We are getting 502 errors from HAproxy sayingthe server returned an invalid or incomplete response. In the haproxy logs, it has code PH which when looked into, it said The proxy blocked the server’s response, because it was invalid,
incomplete, dangerous (cache control), or matched a security filter.
In any case, an HTTP 502 error is sent to the client. One possible
cause for this error is an invalid syntax in an HTTP header name
containing unauthorized characters.
We also noticed that the request didn’t get logged at the server end. Maybe we didn’t have enough logging implemented but we don’t know the issue. How to fix it? This has not happened for any of our other services onboarded to same Haproxy cluster. Please someone can guide on this.
I would suggest to enable the unix admin socket and use show errors on it, this will show you more details about the last response that has been blocked, see:
Where do we print show errors? on the host where we are deploying, will the logs be printed where other haproxy logs are printed or if not, at what path should I check?

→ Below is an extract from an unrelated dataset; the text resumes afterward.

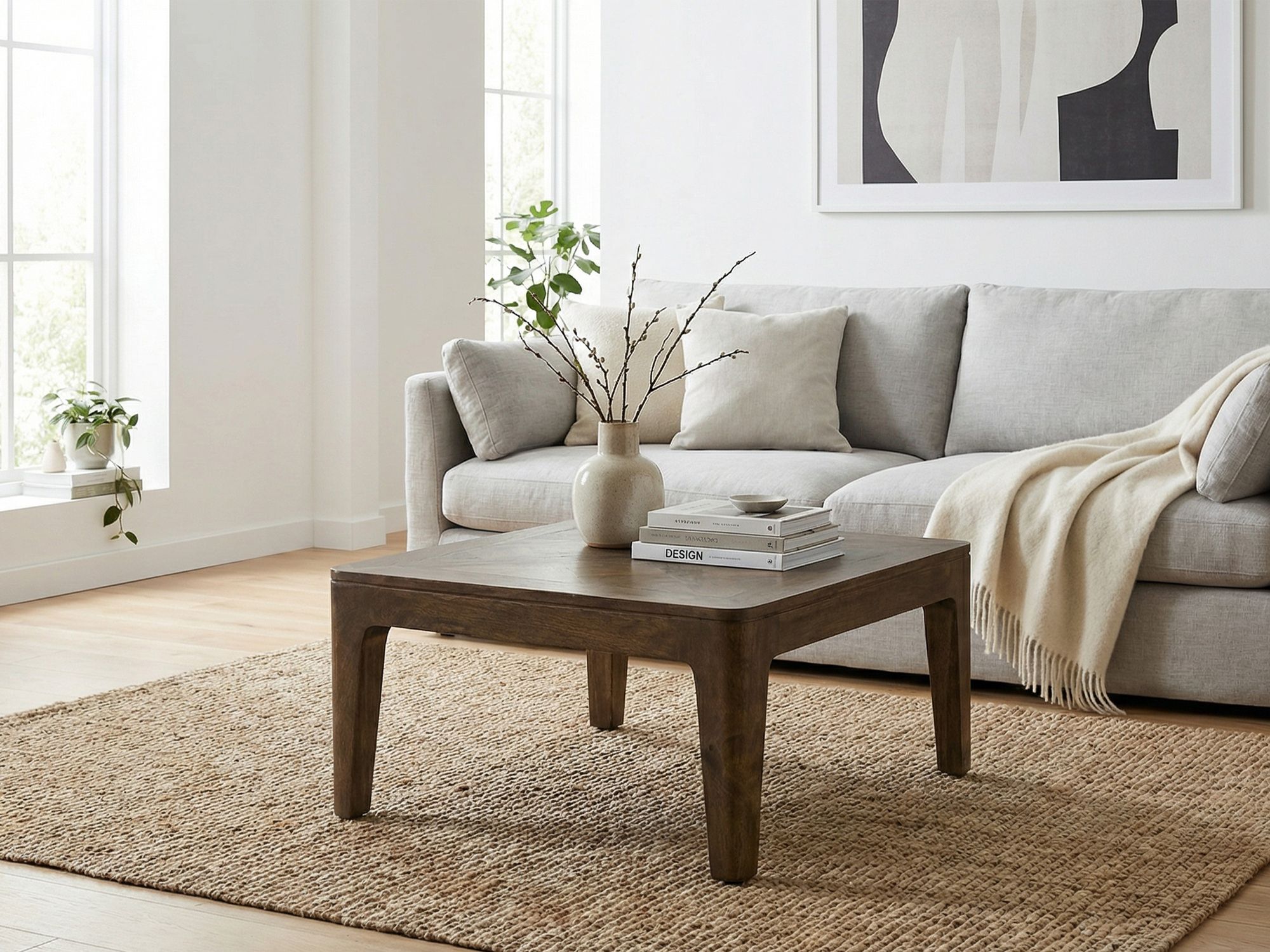 Couchtisch Snarum Mango Massivholz 60 × 60 × 32 cm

The error is that this is random binary data, it does not even resemble a HTTP response.
You will have to tcpdump the traffic and analyze what happens here. Either the backend server randomly response with binary instead of HTTP or perhaps those are pipelined request with broken transaction delimitation.
We still could not figure out the way. Do we have any other similar example for this? Interesting part is we have other services of the same module which completely works fine but not this.